Trump’s words took “the attention off Kim Jong Un and onto Trump’s fitness for office,” said Ryan Hass, a fellow at the Brooking Institute’s Center for East Asia Policy Studies.

“I don’t think we are yet at the point of imminent conflict, but I think Trump’s comments moved us in that direction,” he said. “And we really don’t want to find ourselves stumbling into war.”

What  Trump Should Do Next

A day after Trump’s threats, Tillerson tried to clean up. He supported the outburst and pitched newsmakers to focus on the 15-0 vote for U.N. Security Council sanctions, which aim to pressure North Korea into diplomatic talks by cutting a third of its export revenue. But regardless of Tillerson’s Band-Aid remarks, the damage is probably already done: The Trump administration’s flip-flopping suggests he can be reckless with allies’ safety, which won’t help America’s wooing of Russia or China, either.
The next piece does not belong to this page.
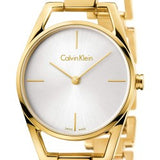 Calvin Klein Dainty White Dial Gold Steel Strap Watch for Women - K7L23546 Authentic Buy Shop Now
“What we really need now is reassurance for our allies,” said Jon Wolfsthal, a fellow at the Carnegie Endowment for International Peace. “We need to make sure that the South Koreans and the Japanese know we are trying to calm the situation down and don’t feel like we are taking risks with their security, because then they will have to take risks with ours.”

Beyond damage control, experts say the logical answer here is making a real plan and getting all other major players — including China, Russia, Japan and South Korea — behind it.

“The first thing we have to do is know exactly what the hell our plan is, and then we need to be specific,” Wolfsthal said. “Nobody is going to reign in the president, but you can get cooperation from [other officials]. They need to be reading the same sheet of music.”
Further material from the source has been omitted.